──────── DATA FOR THIS EXERCISE

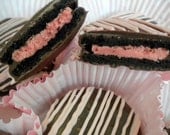 Pink Chocolate Covered Berry Burst Oreos Cookies Dipped in Milk Chocolate Pink Party Favors Baby Shower It's a Girl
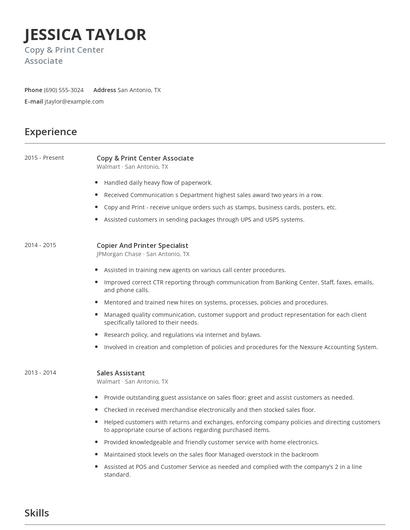 Copy & Print Center Associate Resume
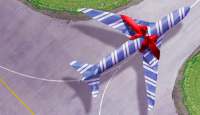 a blue and white airplane with a red bow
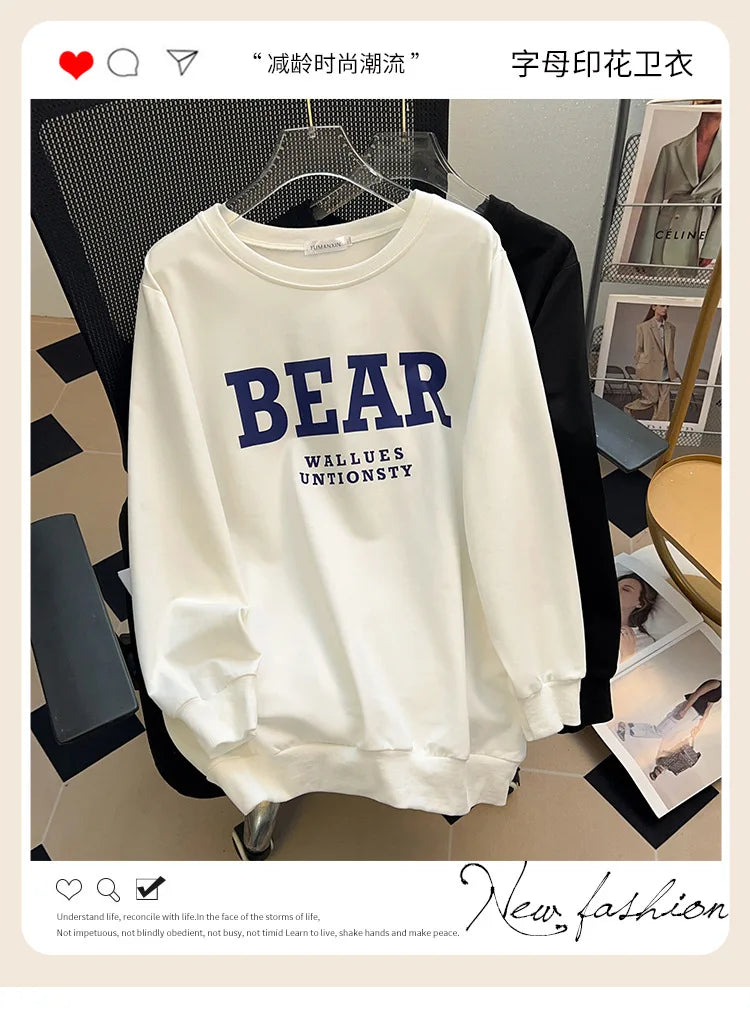 175Kg Plus Size Women's Bust 170 Spring Autumn Loose Sweatshirt Printed Letter Top Black White 6XL 7XL 8XL 9XL 10XL 11XL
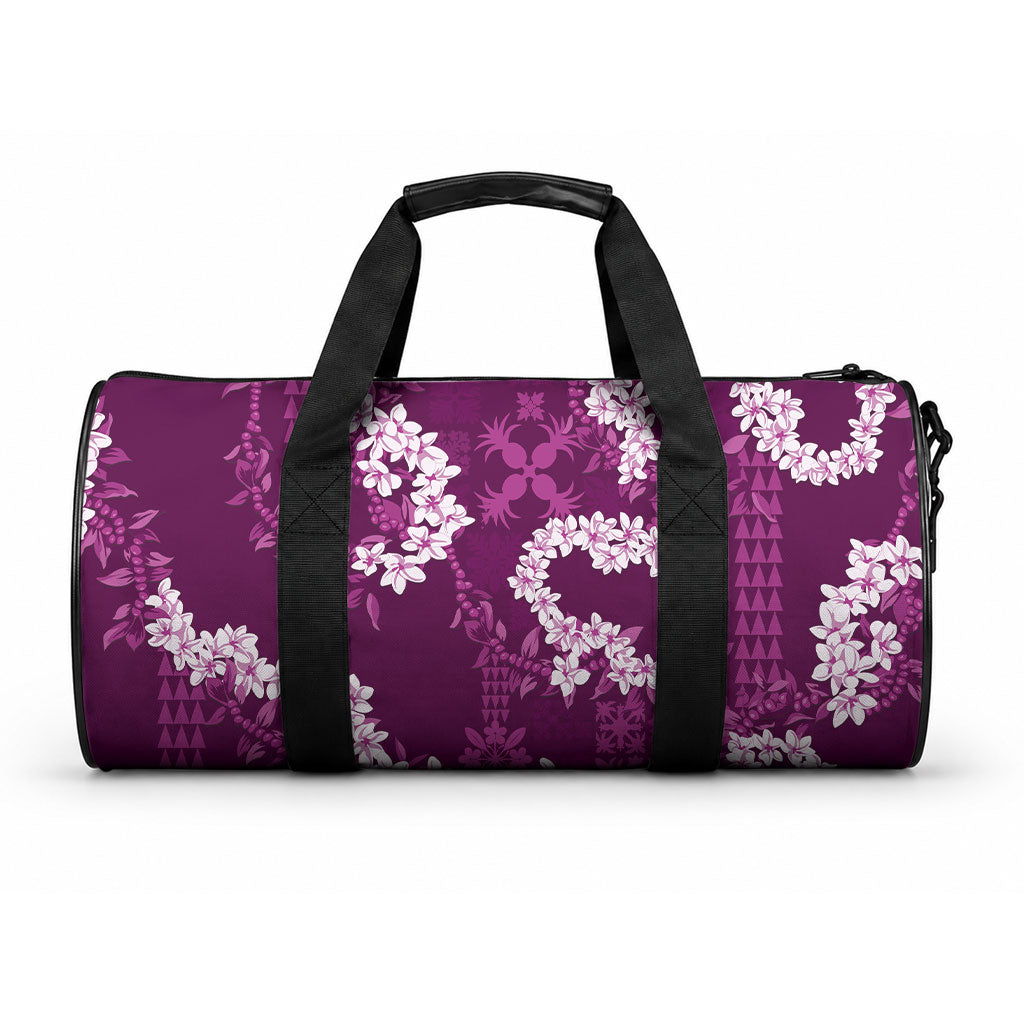 Mokihana Maile and Ilima Leis Duffle Bag Akala Hawaiian Tapa Quilt Pattern LT9 One size Pink - Polynesian Pride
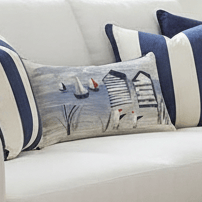 Evans Litchfield (Riva Home) Evans Lichfield Cushion Beach Shacks - feather filled Premium Nautical Cushion 30cm x 50cm in 2 designs by Evans Lichfield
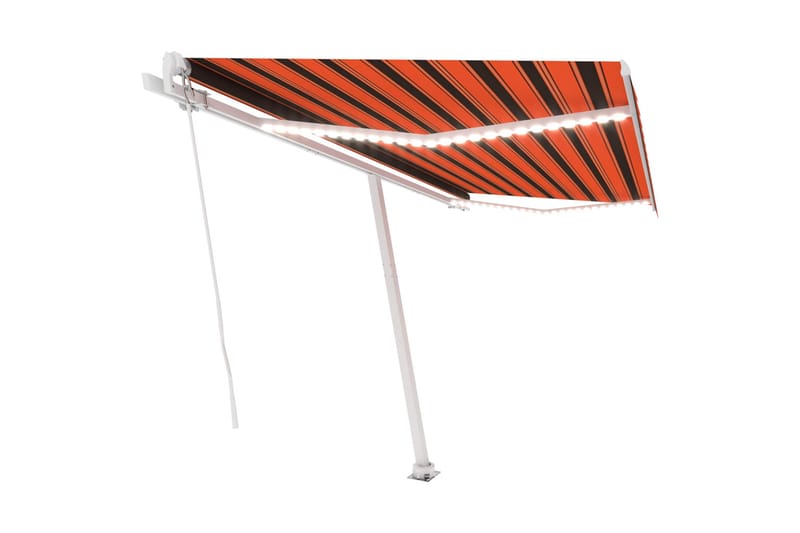 Manuell uttrekkbar markise med LED 400x300 cm - Oransj - Hagemøbler - Solbeskyttelse - Markiser - Balkongmarkise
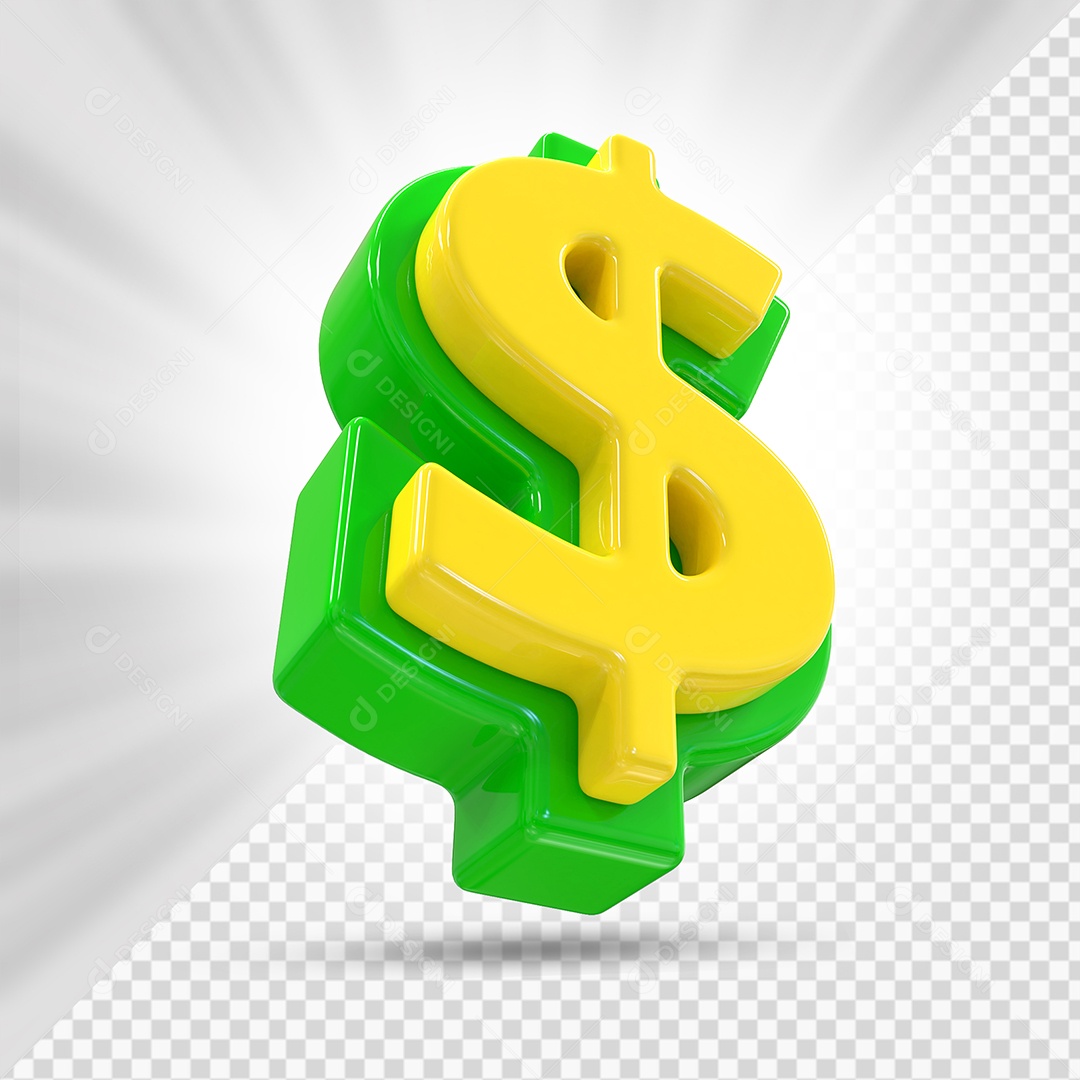 Símbolo do Dólar Verde e Amarelo Elemento 3D Para Composição PSD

────────────────

- EXERCISE DETAILS -
The line containing "Evans Litchfield (Riva" marks the end: copy exactly every line from the start of the records up to and including it, leaving out the pictures.

- ANSWER SECTION -
 Pink Chocolate Covered Berry Burst Oreos Cookies Dipped in Milk Chocolate Pink Party Favors Baby Shower It's a Girl
 Copy & Print Center Associate Resume
 a blue and white airplane with a red bow
 175Kg Plus Size Women's Bust 170 Spring Autumn Loose Sweatshirt Printed Letter Top Black White 6XL 7XL 8XL 9XL 10XL 11XL
 Mokihana Maile and Ilima Leis Duffle Bag Akala Hawaiian Tapa Quilt Pattern LT9 One size Pink - Polynesian Pride
 Evans Litchfield (Riva Home) Evans Lichfield Cushion Beach Shacks - feather filled Premium Nautical Cushion 30cm x 50cm in 2 designs by Evans Lichfield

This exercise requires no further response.